While clarifiers clear up the target, they tend to blur what's up close.......like the pin. That's why I use 4X and no clarifier. Some 6X lenses I've tried were still clear, but others were blurry.


----------



## psargeant (Aug 1, 2004)

Try a #1...may clear up the scope picture nearly as well without the whole level disappearing thing.

It could realistically be your eye coming out of the center of the peep as well...I know sometimes during a shot my anchor will float enough, or my head will move just enough to cause me to lose the bottom section of my scope...time to let down and start over...


----------



## blondstar (Aug 15, 2006)

Might have to move your sight bar out


----------



## TANC (Mar 14, 2005)

blondstar said:


> Might have to move your sight bar out


That too. :wink:


----------



## CarlV (Mar 12, 2008)

Good things to try.

Thanks folks.

I'll report back if anything works for me.


----------



## IGluIt4U (Sep 22, 2004)

Carl, I shoot an 8x with a #2 clarifier and have the same problem, mostly in the bright light, as it washes out my bubble, but even in shade, I just use my left eye to sight the bubble and ensure I'm level, then I hold that and divert my focus (both eyes) on the dot... but with your eye dominance, you can probably just use the left eye enough to get your bubble, then squint or close it and continue.. :thumb:

I also use a red bubble and it's a big one, not one of the little ones, but it is blurred pretty well if I just sight it through the peep.. :nod:


----------



## CarlV (Mar 12, 2008)

IGluIt4U said:


> Carl, I shoot an 8x with a #2 clarifier and have the same problem, mostly in the bright light, as it washes out my bubble, but even in shade, I just use my left eye to sight the bubble and ensure I'm level, then I hold that and divert my focus (both eyes) on the dot... but with your eye dominance, you can probably just use the left eye enough to get your bubble, then squint or close it and continue.. :thumb:
> 
> I also use a red bubble and it's a big one, not one of the little ones, but it is blurred pretty well if I just sight it through the peep.. :nod:


 Thanks IGluIt4U, I've decided that I either have to go back to shooting 4X or do like you do.
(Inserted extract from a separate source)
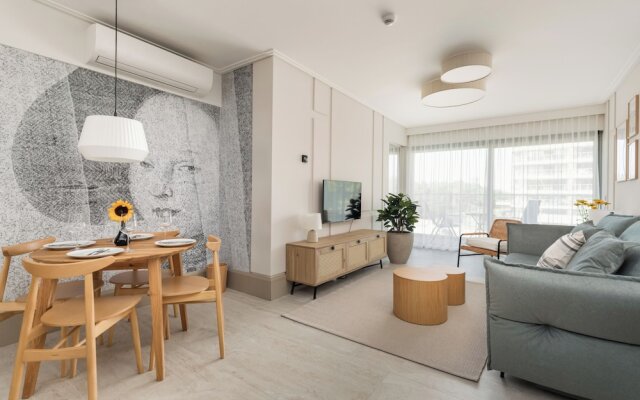 Solaris 25 m to the Beach by Renters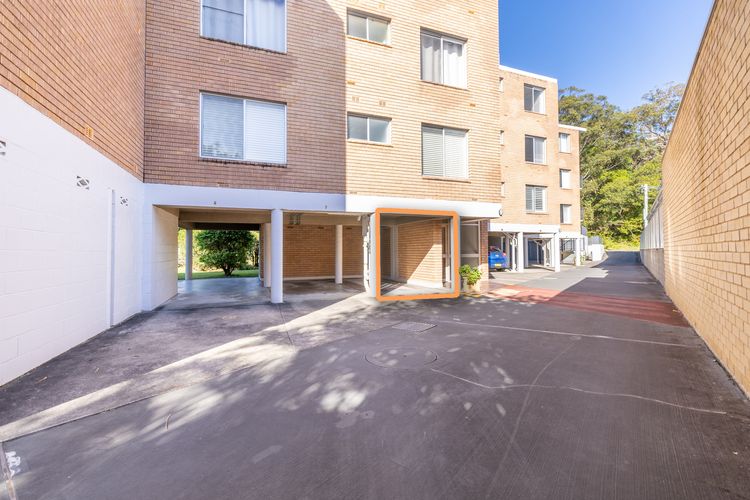 Bella Vista, 8/19 Shoal Bay Rd – views, air con and Wi-Fi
I've already started to change my shot routine to "bubble up" with my left eye before starting to pull through the shot. It'll work.

Thanks


----------



## GOT LUCKY (Apr 30, 2005)

*WHAT????????.....you shoot with a bubble????????? *

.


----------



## pragmatic_lee (Jan 19, 2008)

GOT LUCKY said:


> *WHAT????????.....you shoot with a bubble????????? *
> 
> .


The Hill 2007 or was it 2008


----------



## psargeant (Aug 1, 2004)

pragmatic_lee said:


> The Hill 2007 or was it 2008


'07 I believe...you wouldn't believe how much talking it took to get her to put a bubble in there...


----------



## pragmatic_lee (Jan 19, 2008)

psargeant said:


> '07 I believe...you wouldn't believe how much talking it took to get her to put a bubble in there...


Yea, it must have been 07 since 08 is when she hitch hiked a ride in the back of a pickup from the top of the Hill back to the club house since her was "out of time".


----------